S. “Ah dear boy! know you not that to those who have been initiated, and, as they say in the mysteries, twice born, Prometheus is always unbound, and stands ready to assist them; while to those who are self-willed and conceited of their own opinions, he is removed to an inaccessible distance, and chained in icy fetters on untrodden mountain-peaks, where the vulture ever devours his fair heart, which sympathises continually with the follies and the sorrows of mankind? Of what punishment, then, must not those be worthy, who by their own wilfulness and self-confidence bind again to Caucasus the fair Titan, the friend of men?”
“By Apollo!” said Alcibiades, “this language is more fit for the tripod in Delphos, than for the bema in the Pnyx. So fare-thee-well, thou Pythoness! I must go and con over my oration, at least if thy prophesying has not altogether addled my thoughts.”
But I, as soon as Alcibiades was gone, for I was ashamed to speak before, turning to Socrates said to him, all but weeping:
“Oh Socrates, what cruel words are these which you have spoken? Are you not ashamed to talk thus contemptuously to one like me, even though he be younger and less cunning in argument than yourself; knowing as you do, how, when I might have grown rich in my native city of Rhodes, and marrying there, as my father purposed, a wealthy merchant’s heiress, so have passed my life delicately, receiving the profits of many ships and warehouses, I yet preferred Truth beyond riches; and leaving my father’s house, came to Athens in search of wisdom, dissipating my patrimony upon one sophist after another, listening greedily to Hippias, and Polus, and Gorgias, and Protagoras, and last of all to you, hard-hearted man that you are? For from my youth I loved and longed after nothing so much as Truth, whatsoever it may be; thinking nothing so noble as to know that which is Right, and knowing it, to do it. And that longing, or love of mine, which is what I suppose Protagoras meant by the spirit of truth, I cherished as the fairest and most divine possession, and that for which alone it was worth while to live. For it seemed to me, that even if in my search I never attained to truth, still it were better to die seeking, than not to seek; and that even if acting by what I considered to be the spirit of truth, and doing honestly in every case that which seemed right, I should often, acting on a false conviction, offend in ignorance against the absolute righteousness of the gods, yet that such an offence was deserving, if not of praise for its sincerity, yet at least of pity and forgiveness; but by no means to be classed, as you class it, with the appetites of brutes; much less to be threatened, as you threaten it, with infinite and eternal misery by I know not what necessary laws of Zeus, and to be put off at last with some myth or other about Prometheus. Surely your mother bare you a scoffer and pitiless, Socrates, and not, as you boast, a man-midwife fit for fair youths.”
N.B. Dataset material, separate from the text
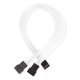 thumbnail image 1 of Cable de extensión PWM de 30 cm y 4 pines 1 a 1 2 Adaptador divisor de enfriador de ventilador múltiple de 3 vías, 1 of 6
Then, smiling sweetly, “Dear boy,” said he, “were I such as you fancy, how should I be here now, discoursing with you concerning truth, instead of conning my speech for the Pnyx, like Alcibiades, that I may become a demagogue, deceiving the mob with flattery, and win for myself houses, and lands, and gold, and slave-girls, and fame, and power, even to a tyranny itself? For in this way I might have made my tongue a profitable member of my body; but now, being hurried up and down in barren places, like one mad of love, from my longing after fair youths, I waste my speech on them; receiving, as is the wont of true lovers, only curses and ingratitude from their arrogance. But tell me, thou proud Adonis—This spirit of truth in thee, which thou thoughtest, and rightly, thy most noble possession—did it desire truth, or not?”
P. “But, Socrates, I told you that very thing, and said that it was a longing after truth, which I could not restrain or disobey.”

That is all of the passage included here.